What is a Career?

The concept of career has changed over the last 20 or 30 years. Whereas a career used to be a job for life, this is rarely the case anymore. It is no longer the situation that a person is employed in one or a series of jobs with one employer and then comfortably retires at 65.

People now, on average, change their jobs or careers at least 7 times over the course of their life. In addition, there is no guarantee of retiring at 65 and many people are working well into their 70’s and 80’s.

The impact of the recession, changing technology, globalisation, competition, mergers, stress, increasing change and the pace of life has changed the traditional career.

According to ‘Wikipedia’, a career is classed by the Oxford English Dictionary as an individual’s “course or progress through life (or a distinct portion of life)”. It is a series of successive situations or activities that make up a person’s occupation.

A career may be focused around progression in a job or a series of roles, or a process of parallel career changes in the search for greater income and personal satisfaction.

A career is made up of a process of continuous learning and personal and professional development. This enables a person to keep up with changes within the workplace and be competitive when seeking a new job.
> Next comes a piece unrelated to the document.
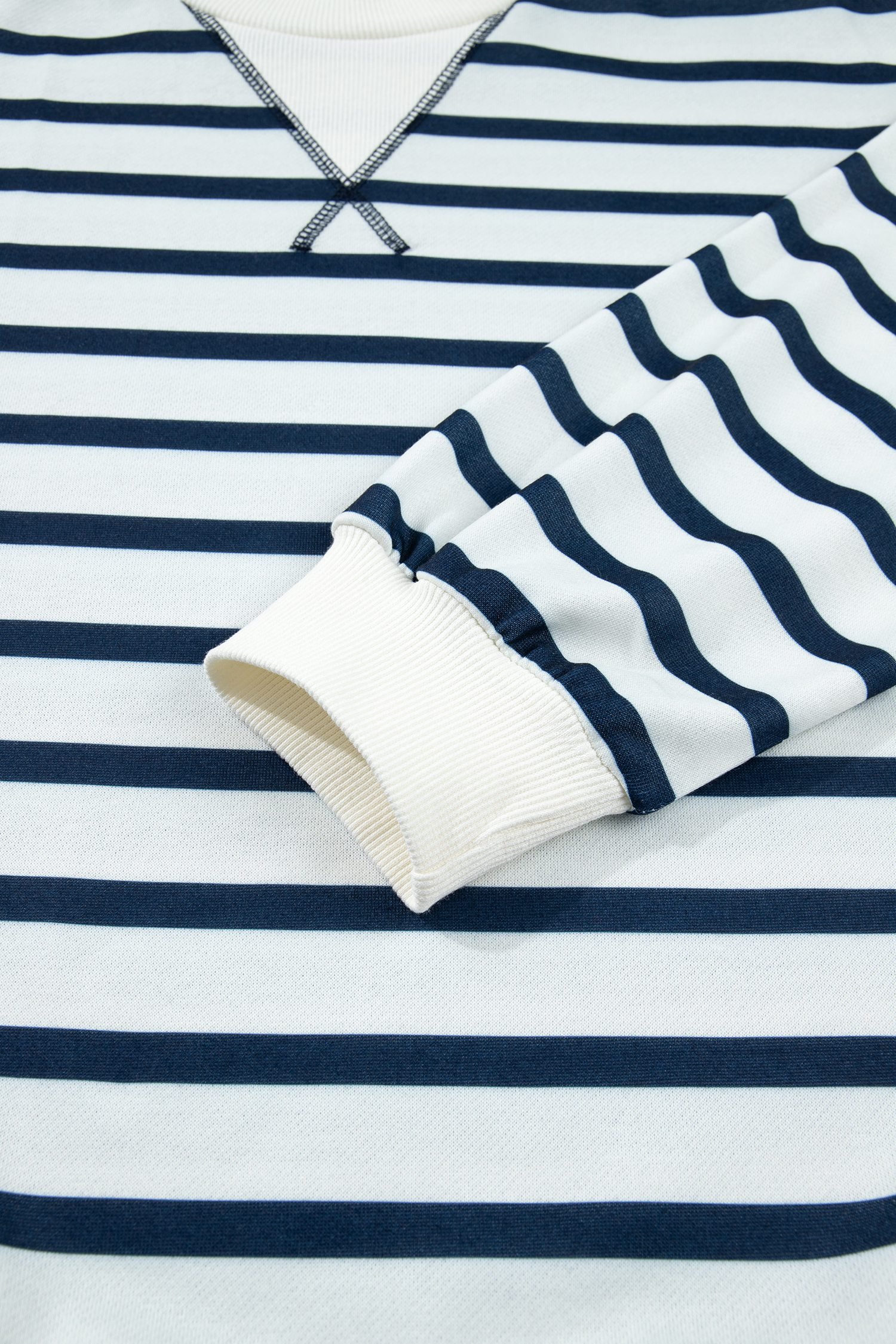 Blue Stripe Striped Ribbed Cuff Collar Pocket Loose Pant Set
A career is often made up of activities outside of the traditional paid working environment. These may include voluntary or charity work or working within the community, such as helping out in sporting clubs. In addition, the skills required in a career can come from other activities such as running a home and raising children or looking after elderly relatives.

A career may be made up of a variety of different roles, commonly known as a portfolio career, where a person carries out a range of different jobs often including self employment and working with different organisations to make a living.
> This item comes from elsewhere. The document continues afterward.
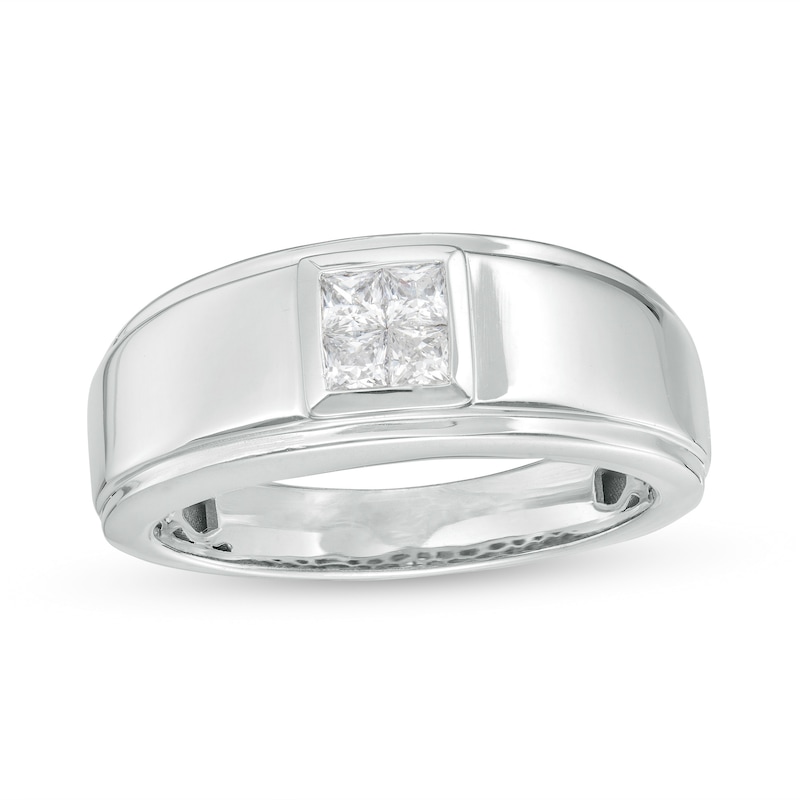 Main Image 1 of 3/8 CT. T.W. Quad Square-Cut Diamond Stepped Edge Wedding Band in 10K White Gold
A career is no longer just for people who work full time. Many people, and not just women with children, are seeking increased flexibility, more effective work/life balance and part-time working to have a career that works for them. Also people are driven by different things at different stages of their career, such as when they face a life changing event. It is not unusual to take a career break or change roles to fulfil important values at different times during their lives.

Despite the current economic climate, more and more people are seeking self employment as their values no longer meet the values of their organisation or they want greater fulfilment and personal satisfaction. In 2006, 12% of the UK’s working population were self employed with predictions that this could swell by up to 10 million people by 2011.
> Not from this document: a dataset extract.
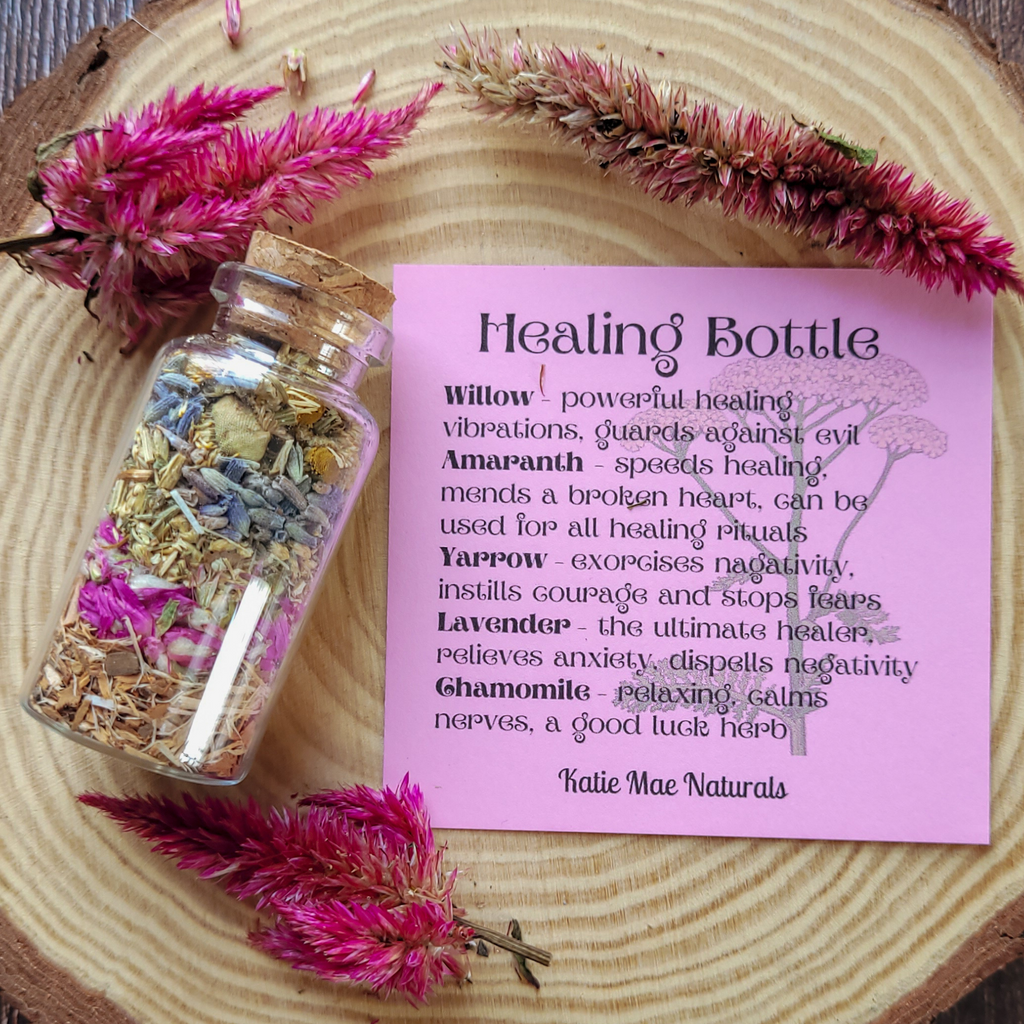 Healing Spell Bottle, Intention Setting for Healing and Calm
What is the implication of the changing nature of a career?

For many people, the implication is that there is no longer a career for life, so people need to be flexible in their response to change, whether this is due to redundancy, restructuring or finding a better way to make an income. On the other hand, as there are thousands of career options available today, there is increasing choice, but this can often feel overwhelming as well.

Many people are also finding their is a values shift between their personal values and the changing culture within their organisation. It is when this is out of alignment that many people seek out new employment or a new start to change the focus of their career.

To be successful, workers need to start to focus on their strengths and their skills to develop a plan for their future. In addition, they need to know what else is important in their life to make sure that their choices and decisions are congruent with other parts of their life.